However, this is a one-way interface (from processor to components). If a component isn’t ready to receive WriteData or provide ReadData, it could result in WriteData being dropped or ReadData being undefined.

This “not ready” scenario occurs frequently, with specific cases such as:

For WriteData (write operation): Most component designs include buffers (e.g., FIFOs) at the interface to queue data for processing. However, these buffers have limits, and processing one piece of data can take much longer than sending it. Without a control mechanism, WriteData drops are common.
For ReadData (read operation): Typically, ReadData is paired with an interrupt mechanism—when data is ready, the component signals the processor. However, not all components enable interrupts.
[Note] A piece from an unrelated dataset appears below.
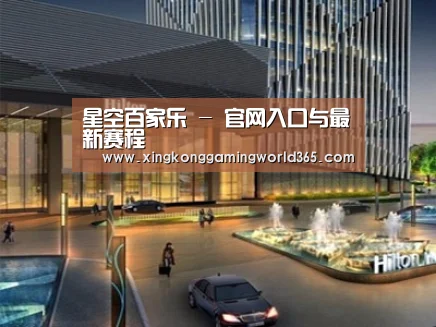 案例展示二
Some rely on polling, raising the question: “When is ReadData ready inside the component?”

To address this, on-chip protocols add signals from the component to the processor (e.g., component_ready or component_busy) so the processor knows when WriteData can be received and when ReadData is ready to be sent.
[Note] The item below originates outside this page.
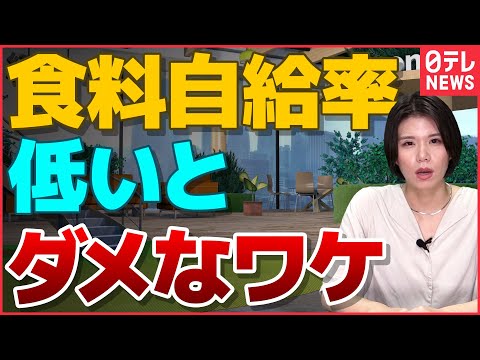農村研究について詳しく解説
→ This mechanism is collectively known as the Handshaking protocol.

Handshaking Protocol

In the handshaking protocol, components are divided into two roles:

Master: The entity that initiates transactions (transfers).
Slave: The entity that receives transactions and responds to the master (if applicable).

Each transfer falls into two main categories:

Write Transfer: The master requests to write data to a slave.
Direction of all ports in Write channel
- Step 1: The master places the address and data into the WR_ADDR and WR_DATA ports, then sets the write request pin (WR_REQ) to level 1.
- Step 2: When the slave is ready, it sets the WR_ACK port to level 1 to indicate it has received the data.
- Step 3: Once the transaction is confirmed (both WR_REQ and WR_ACK are high simultaneously), it’s complete, and the master can proceed with a new transaction or pause.
Read Transfer: The master requests to read data from a slave.
Direction of all ports in Read channel

- Step 1: The master places the address into the RD_ADDR port and sets the read request pin (RD_REQ) to level 1.
- Step 2: The slave retrieves the data from the corresponding address region. Once ready, it places the data into the RD_DATA port and sets the RD_ACK port to level 1.
- Step 3: Once the transaction is confirmed (both RD_REQ and RD_ACK are high simultaneously), it’s complete, and the master can proceed with a new transaction or pause.

Summary

In this first part of the series on On-chip Bus, you’ve learned how an SoC can connect and control multiple components (e.g., UART, I2C) using a single interface thanks to the Memory-Mapped I/O mechanism. This highlights the benefits of standardizing communication within the system, reducing complexity when integrating numerous peripherals.

By mapping each component to a distinct address region and subdividing it into smaller registers, the processor can effortlessly exchange data, configure settings, and monitor the status of each component.